Remembering Dr. George Baker

It is with great sadness that we share the news of the recent passing of Dr. George A. Baker III. Dr. Baker, a brilliant educator and researcher in the area of community college leadership, occupied the Joseph D. Moore Endowed Chair in Community College Leadership within NC State’s College of Education from 1992 to 2001. 

Dr. Baker established the National Initiative for Leadership and Institutional Effectiveness (NILIE) in 1990 at the University of Texas-Austin, where he was a professor. Dr. Baker’s vision for NILIE included three elements:

  • a high-quality research program focused on leadership and institutional effectiveness;
  • services to institutions of higher education, especially community colleges, in the form of climate assessments, consultation, conferences and publications;
  • and opportunities for graduate students to learn and grow through research experience.

In 1992, Dr. Baker brought the program to NC State’s College of Education, where it has remained.

“Dr. Baker left a wonderful mark on our college that still stands today,” says Dr. Paola Sztajn, interim dean of NC State’s College of Education. “His desire to prepare Ed.D. practitioners who know how to use research to run their institutions effectively has resulted in stronger colleges across the country – including our own.”

Dr. Baker designed the PACE Climate Survey to help community college leaders better understand their institution’s culture and overall capacity to promote student success by hearing directly from employees about how they perceive and experience their work. In doing so, the survey promotes open and honest communication to inform priorities for change.

In 2019, NILIE, now known as PACE, continued its operation under the Belk Center for Community College Leadership and Research at NC State, where the PACE Climate Survey continues to be at the forefront of campus climate research and assessment. The Belk Center’s portfolio of offerings, including campus climate assessment, executive leadership programs, doctoral education in community college leadership, and a robust research agenda, bring the vision of Dr. Baker full circle by further enhancing the community college partner experience.

Since its development, more than 170 community colleges across the country – including 110 repeat partners – have participated in the survey. To this day, the PACE Climate Survey continues to be a critical component of the Belk Center’s efforts to support community colleges in improving student access and success.

“Dr. Baker’s contributions to the field of community college leadership are immeasurable,” says Dr. Audrey “AJ” Jaeger, W. Dallas Herring Professor and Executive Director of the Belk Center. “Our team at the Belk Center is honored to have the opportunity to continue the legacy of service that was the hallmark of Dr. Baker’s career. His impact on the field was deep and broad.”

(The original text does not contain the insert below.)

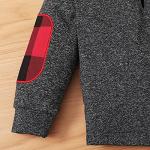 Toddler Baby Boy Clothes Plaid Pocket Hoodie Sweatshirt+Pants Outfits Set (GreyRed/100) by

In addition to his time at NC State and the University of Texas-Austin, Dr. Baker had an exemplary military career and served for more than 20 years in the United States Marine Corps – retiring at the rank of Lieutenant Colonel. Dr. Baker received his doctorate in education from Duke University, his master’s degree in counseling psychology from Shippensburg University of Pennsylvania, and his undergraduate degree in business/managerial economics from Presbyterian College.